Figure 3 Expression levels of the ten genes from the positive group and the gene from the negative group, CHI3L1, in 12 samples (samples 1-6 are DC samples and samples 7–12 are healthy samples). The x-axis represents the 12 samples and the y-axis represents the expression levels following standardization. The black line represents the expression level of CHI3L1 and the grey line represents the expression levels of ten genes in the positive group. CHI3L1, chitinase-3-like protein 1; DC, Dupuytren’s contracture; DDX3X, DEAD (Asp-Glu-Ala-Asp) box helicase 3 X-Linked; NFE2L2, nuclear factor erythroid 2-related factor 2; IFI16, γ-interferon-inducible protein 16; ITM2B, integral membrane protein 2B; NPC1, Niemann-Pick disease type C1; RND3, rho family GTPase 3; FAM129A, family with sequence similarity 129 A; EIF2S3, eukaryotic translation initiation factor 2 subunit 3 γ; LAMA4, laminin α 4; and AKR1C2, aldo-keto reductase family 1 member C2.

Table I Significantly correlated genes and correlation coefficients.

Table I

Significantly correlated genes and correlation coefficients.

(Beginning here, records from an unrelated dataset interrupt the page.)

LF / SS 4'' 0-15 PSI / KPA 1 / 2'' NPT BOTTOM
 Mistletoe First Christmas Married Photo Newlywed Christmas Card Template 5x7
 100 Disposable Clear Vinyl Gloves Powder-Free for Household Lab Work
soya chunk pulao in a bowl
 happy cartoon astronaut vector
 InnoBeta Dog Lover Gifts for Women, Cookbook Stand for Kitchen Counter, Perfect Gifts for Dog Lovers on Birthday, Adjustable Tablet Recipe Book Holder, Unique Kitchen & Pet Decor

Node ID1	Node ID2	Correlation coefficient	Node ID1	Node ID2	Correlation coefficient
CHI3L1	EIF2S3	−0.9273	EPHX1	ATF4	−0.90163
SFRP1	MASP1	0.91333	FAM12A	AKR1C2	0.9186
SFRP1	FBLN1	0.9048	SAA1	ATF4	−0.9023
FBLN1	MASP1	0.93677	NFE2L2	AKR1C2	0.94147
FBLN1	CLU	0.90097	LAMA4	AKR1C2	0.94183
COL15A1	RAB9A	−0.90623	ITM2B	AKR1C2	0.92597
RND3	AKR1C2	0.92937	RNF19A	ATF4	−0.904
EIF2S3	AKR1C2	0.92647	IFI16	AKR1C2	0.90557
DDX3X	AKR1C2	0.9201	NPC1	AKR1C2	0.91037

[i] CHI3LI, chitinase-3-like protein 1; SFRP, secreted frizzled-related protein 1; FBLN, fibulin; COL15A1, collagen type XV α 1; RND3, rho family GTPase 3; EIF2S3, eukaryotic translation initiation factor 2 subunit 3; DDX3X, DEAD (Asp-Glu-Ala-Asp) box helicase 3, X-linked; MASP1, mannan-binding lectin serine protease 1; CLU, clusterin; RAB, ras-related protein; AKR1C2, aldo-keto reductase family 1, member C2; EPHX1, epoxide hydrolase 1; FAM12A, family with sequence similarity 12, member A; SAA1, serum amyloid A1; NFE2L2, nuclear factor (erythroid-derived 2)-like 2; LAMA, laminin; ITM2B, integral membrane protein 2B; RNF19A, ring finger protein 19A; IFI16, γ-interferon-inducible protein 16; NPC1, Niemann-Pick disease, type C1; ATF4, activating transcription factor 4.

Function annotation analysis

A GO function annotation analysis was performed for the CHI3L1 gene and the ten genes with which it was negatively correlated, which resulted in the identification of 132 GO terms. The 132 GO terms were subsequently grouped into three clusters corresponding to the clusters in Fig 2 (Table II). The results suggested that the genes in cluster one are involved in blood vessel development, hemopoiesis and myeloid cell differentiation. Genes in cluster two are involved in cell proliferation, and the negative and positive regulation of cell death. Genes in cluster three are involved in the negative regulation in protein phosphorylation, glycosylation, ubiquitination and phosphorylation.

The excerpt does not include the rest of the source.